PROMPT: The records that follow should be returned exactly, pictures excluded.

───── DATASET

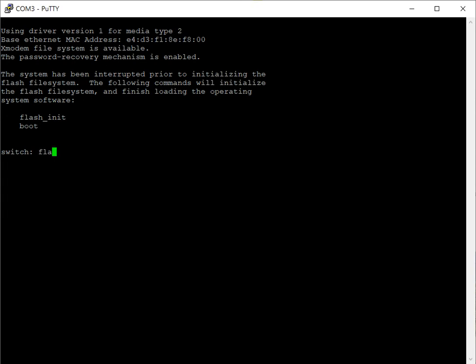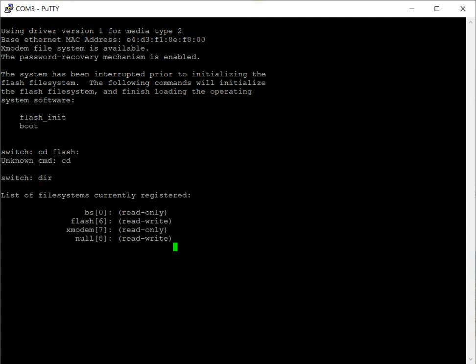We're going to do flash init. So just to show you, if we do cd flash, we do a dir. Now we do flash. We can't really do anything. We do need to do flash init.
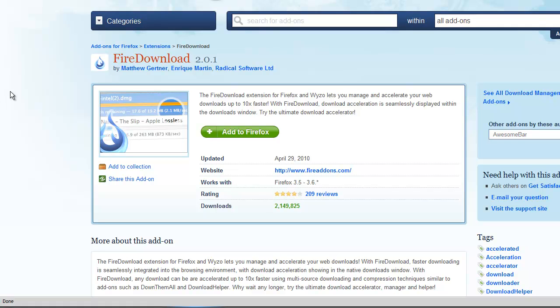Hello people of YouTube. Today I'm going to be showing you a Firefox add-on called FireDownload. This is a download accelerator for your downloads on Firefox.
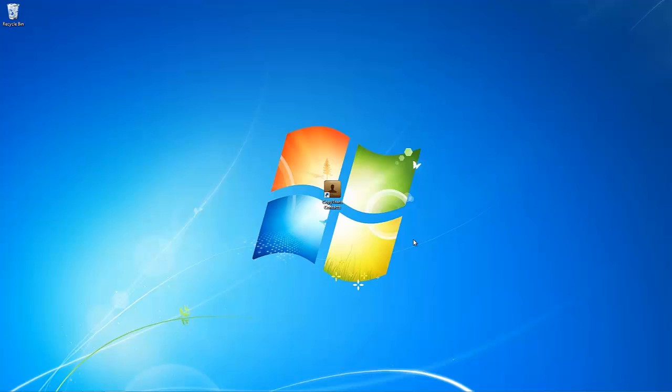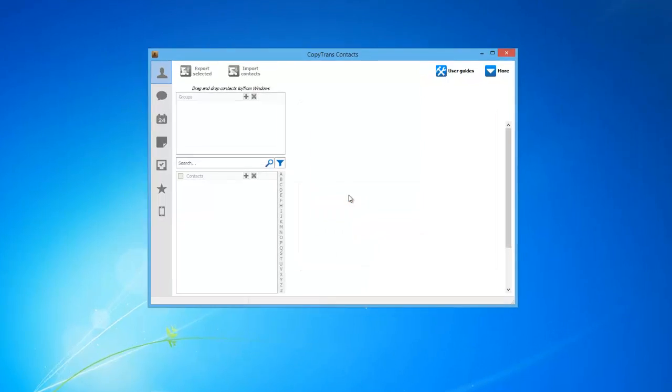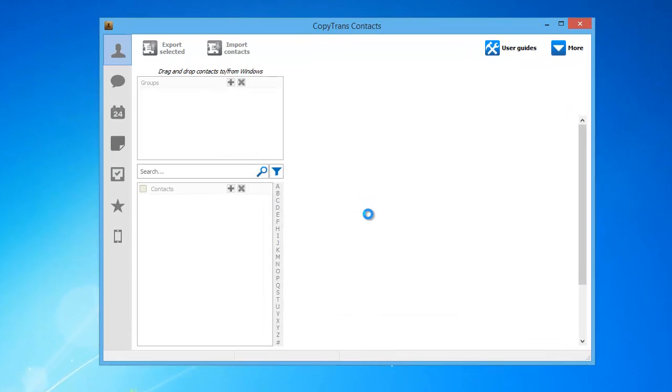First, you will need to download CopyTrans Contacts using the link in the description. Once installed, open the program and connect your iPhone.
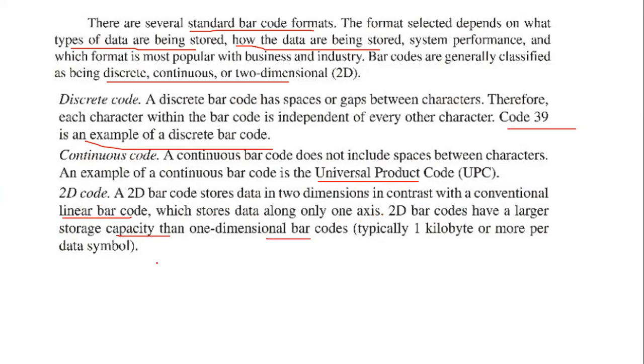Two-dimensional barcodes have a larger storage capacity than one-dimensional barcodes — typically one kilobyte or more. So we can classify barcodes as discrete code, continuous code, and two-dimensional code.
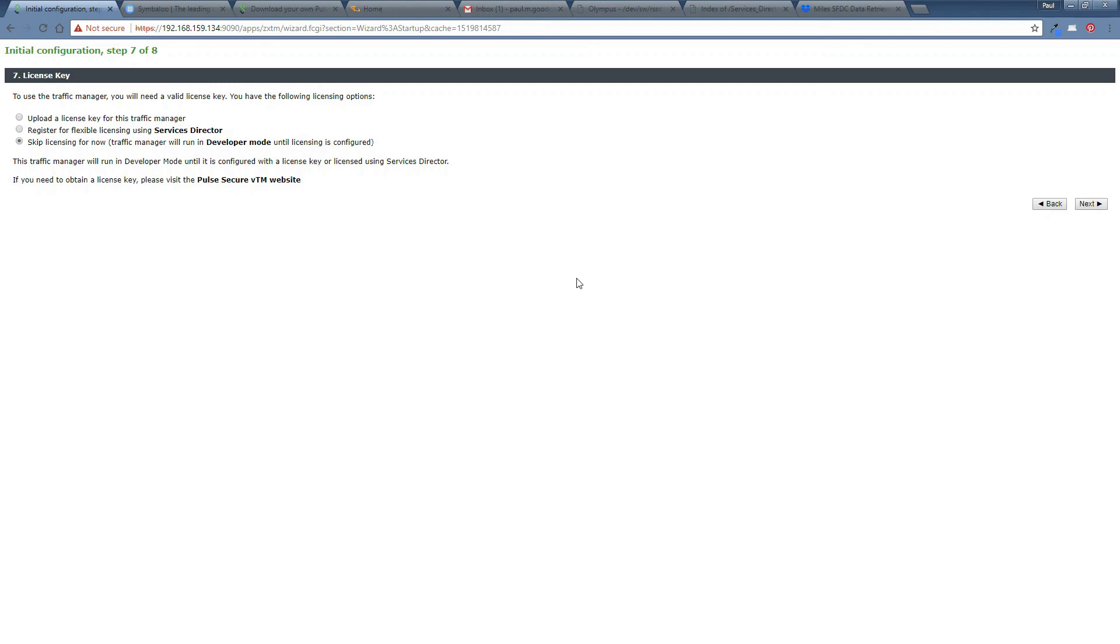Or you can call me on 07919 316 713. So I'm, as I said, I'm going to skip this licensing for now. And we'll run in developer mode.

──────────

SOLUTION TO THIS TASK:
We're going to do flash init. So just to show you, if we do cd flash, we do a dir. Now we do flash. We can't really do anything. We do need to do flash init.
Hello people of YouTube. Today I'm going to be showing you a Firefox add-on called FireDownload. This is a download accelerator for your downloads on Firefox.
First, you will need to download CopyTrans Contacts using the link in the description. Once installed, open the program and connect your iPhone.
Two-dimensional barcodes have a larger storage capacity than one-dimensional barcodes — typically one kilobyte or more. So we can classify barcodes as discrete code, continuous code, and two-dimensional code.
Or you can call me on 07919 316 713. So I'm, as I said, I'm going to skip this licensing for now. And we'll run in developer mode.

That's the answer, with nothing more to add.